Stay Focused, Coordinate and Keep it Simple: Applying Steve Jobs‘ Leadership Tenets to Telecoms and Business Assurance

Stay Focused, Coordinate and Keep it Simple: Applying Steve Jobs‘ Leadership Tenets to Telecoms and Business Assurance

Most everybody who’s read Walter Isaacson’s biography on Steve Jobs enjoyed it.

The book reveals the many facets of this complex man.  You hear about his creative genius as well as his temper tantrums.  All in all, Isaacson did a splendid job of researching Jobs‘ legacy and interviewing close to 100 people who interacted with Jobs across his business life.

Ed Shanahan reached out to me after seeing the industry map I published showing the interplay of assurance and B/OSS functions.  And no sooner did we get on the phone together but the subject of Isaacson’s book came up.  Ed had just finished the book, loved it, and saw important parallels between Jobs‘ struggles and those faced by telecom service providers.

In the early to mid 2000s, Ed was probably the most visible revenue assurance consultant in the U.S.  Not only did he head up the RA practice at TMNG, for several years he also teamed with Telestrategies to deliver seminars at their annual RA conference.

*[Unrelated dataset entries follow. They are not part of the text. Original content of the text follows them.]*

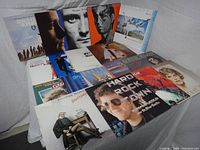 Photo showing all 18 vinyl album covers arranged facing forward with visible titles and artwork.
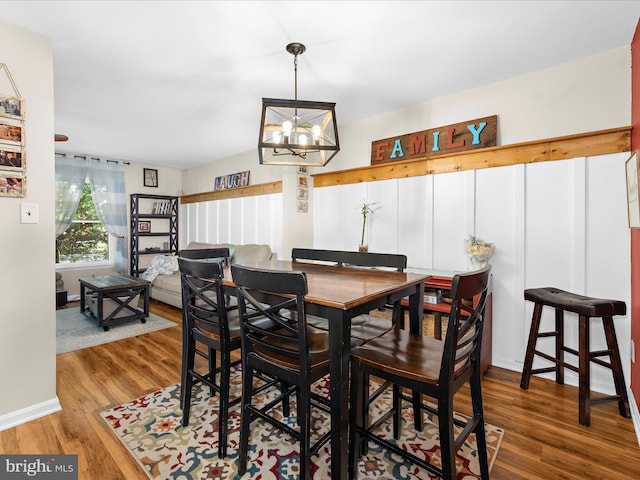 2524 Vineyard Ln, Crofton, MD 21114 - dining area with wood finished floors, a chandelier, and baseboards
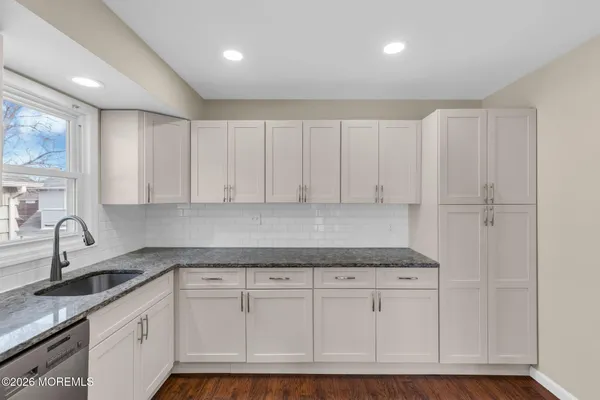 a kitchen with granite countertop white cabinets and stainless steel appliances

Ed Shanahan is certainly one of the sharpest consulting minds I’ve come across.  And yet, if you put him in a room with 30 random people, you’d probably not pick Ed to be the consultant in the group because Ed’s a soft-spoken and cerebral guy with the relaxed manner of, say, a senior engineer.  And perhaps that’s his secret — an ability to calmly analyze the structure of a telecom’s operations much like an engineer tests the cable stresses of a suspension bridge.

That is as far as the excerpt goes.